Transcription The Tantrum as a Vehicle for Autonomy
Far from being a sign of bad parenting or a "misbehaved" child, the tantrum is actually a fundamental psychological mechanism in the preschool stage.
It is the tool that the child's own psyche establishes in order to carry out its most important life task at that moment: the conquest of autonomy.
The problem, therefore, is not the tantrum itself, but how parents respond to it, since that response will determine whether the experience becomes a lesson in manipulation or a pillar for the development of a healthy character.
Why a temper tantrum is a normal and necessary stage.
It is crucial that parents stop blaming themselves when their children have tantrums. This stage is not only normal, but absolutely necessary for child development.
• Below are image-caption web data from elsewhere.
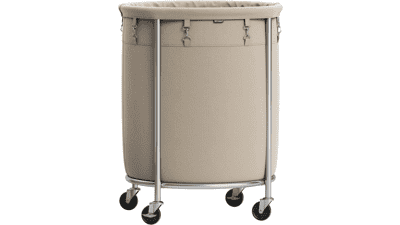 SONGMICS Laundry Basket with Wheels, 45 Gal., Round Laundry Cart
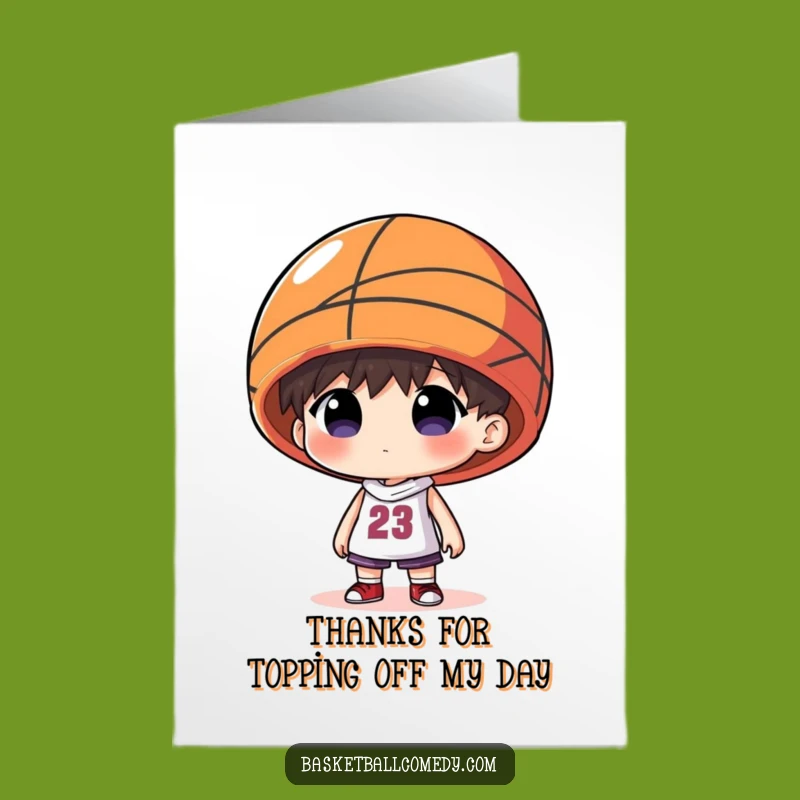 Free Printable Thank You Card: Funny Basketball Hat, Humorous Downloadable Appreciation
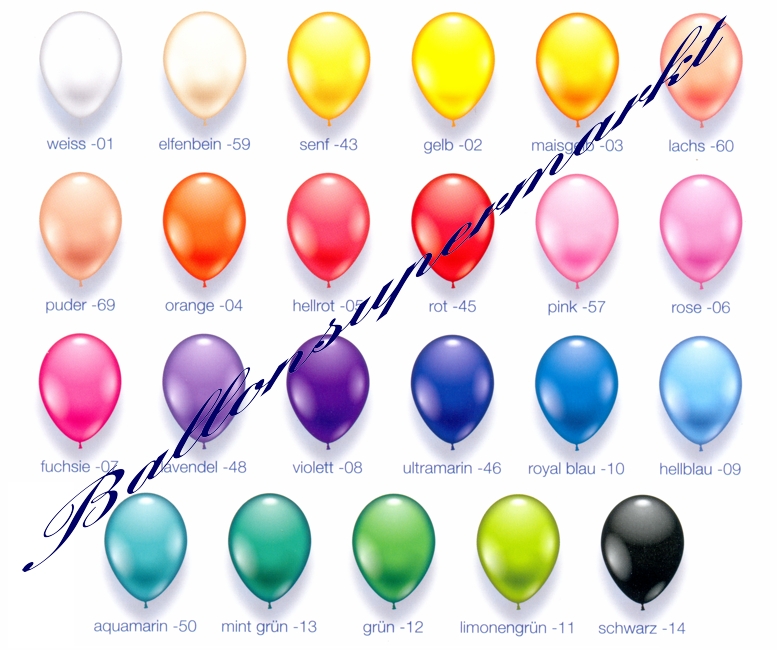 Luftballons Standardfarben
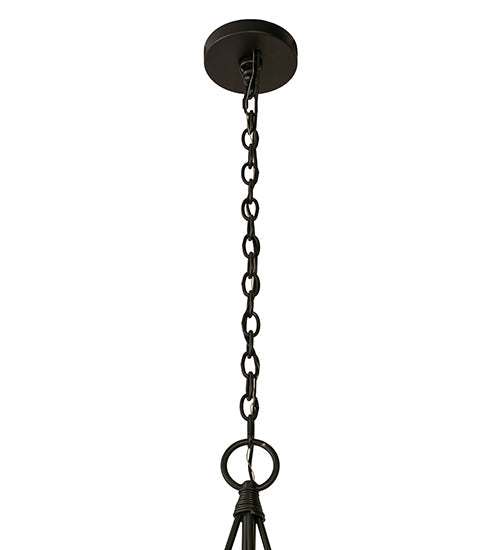 Meyda Lighting Estrella 54" 16-Light 2-Tier Textured Black Chandelier With Amber Faux Candlelight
The tantrum is the vehicle that the child's psyche uses to begin to experience its own will and its desire to be an autonomous individual.
It always arises from the same dynamic: the child wants something, wants it at a specific time and in a specific way, and when he cannot get it, his frustration explodes in the form of tantrums, screaming and crying.
Instead of seeing it as an act of rebellion, we should understand it as the child's first attempt to assert his or her self and explore the limits of the world around him or her.
The risks of poor management: patterns of manipulation or conflict with authority.
The way parents manage tantrums has long-term consequences, and can establish patterns of behavior that will last a lifetime.
There are two damaging extremes:
Total indulgence: if the child learns that with a tantrum he gets everything he wants (the dessert, the toy, the attention), the behavior is reinforced.
A pattern of life is established in which emotional manipulation is the tool to achieve their goals.
This can result in adults who, while not throwing themselves on the floor, continue to throw "tantrums" when life does not conform to their desires, showing little tolerance for frustration.
Constant repression: At the other extreme, if the child's every attempt at autonomy is frustrated with a resounding "no" and is overly repressed and controlled, a deep conflict with authority is generated.
This child may become an adult who hates all authority figures (teachers, bosses, police) simply because they represent that control he felt in his childhood.
The goal, therefore, is neither to always give in nor to repress everything, but to find a healthy management that guides the child on his or her path to autonomy without creating harmful patterns.
Summary
The tantrum is not bad parenting, but a fundamental psychological mechanism. It is the tool that the child's own psyche establishes to conquer autonomy.
This stage is not only normal, but absolutely necessary for child development. It arises from the frustration of not being able to get what he wants.
Mismanagement is detrimental. Total indulgence creates patterns of manipulation. Constant repression creates deep conflict with authority.